Swiss tax deal
April 25, 2012The German cabinet has approved a proposed bill that would see German tax evaders in Switzerland pay up. According to the proposal, income earned illegally in Switzerland by Germans would be taxed at a rate of 21 to 41 percent, with the money going to German government coffers. The tax evaders would remain anonymous.
The law would come into effect on January 1, 2013, and would also see future capital gains taxed at a similar rate to those in Germany.
The German Finance Ministry defended its decision on Wednesday when it was heavily criticised by opposition parties.
"This is more than all Finance Ministers from the Social Democrats regarding tax evaders have ever accomplished," said the finance ministry's parliamentary undersecretary Steffen Kampeter, a member of the Christian Democrats, on Wednesday ahead of the cabinet session on tax evasion. "This agreement will ensure that Germans in Switzerland will be taxed as highly as they would be in Germany."

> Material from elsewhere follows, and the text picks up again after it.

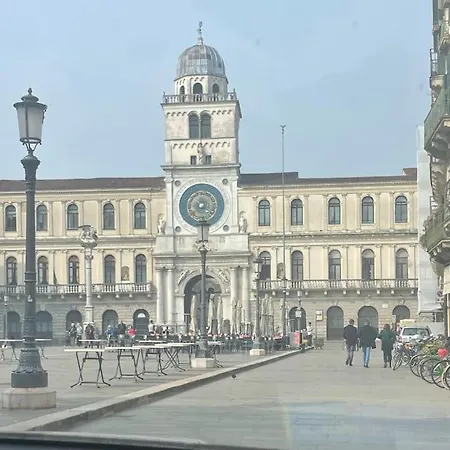 San Clemente * Padua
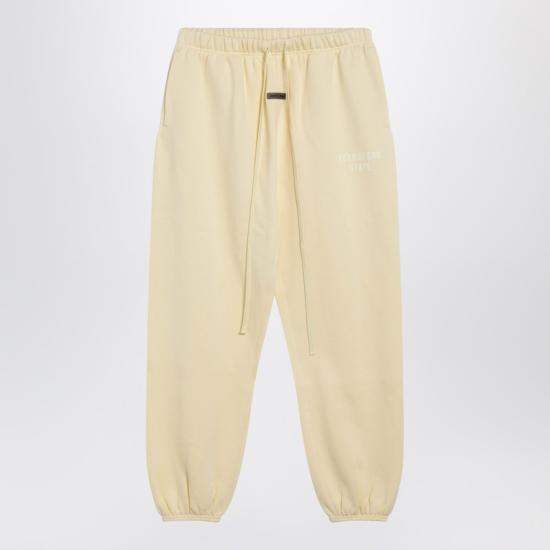  피어오브갓 스트레이트 팬츠 130SP255858FW Yellow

He added that in addition to the money flowing back to Germany, there would be new information that would act as a deterrent - such as cash flows of German tax evasion from Switzerland into other countries.
The opposition is determined to get the last word on the proposed law, saying they plan on using the state-controlled upper house of parliament, the Bundesrat, to block the measure. The Bundesrat does not share the same majority of Christian Democrat and Free Democrat politicians that the cabinet and lower house, or Bundestag, has.
"This agreement remains a gift for German tax evaders, who remain in the shadows," said the opposition Social Democrats fraction deputy Joachim Poss.
He said that the new law was a further example of a "finance policy without principle" that benefitted millionaires.
Finance Minister Wolfgang Schäuble estimates that 10 billion euros ($13.1 billion) could come from the one-off collection of tax income. It is estimated that between 130 and 150 billion euros are illegally being held in Swiss bank accounts.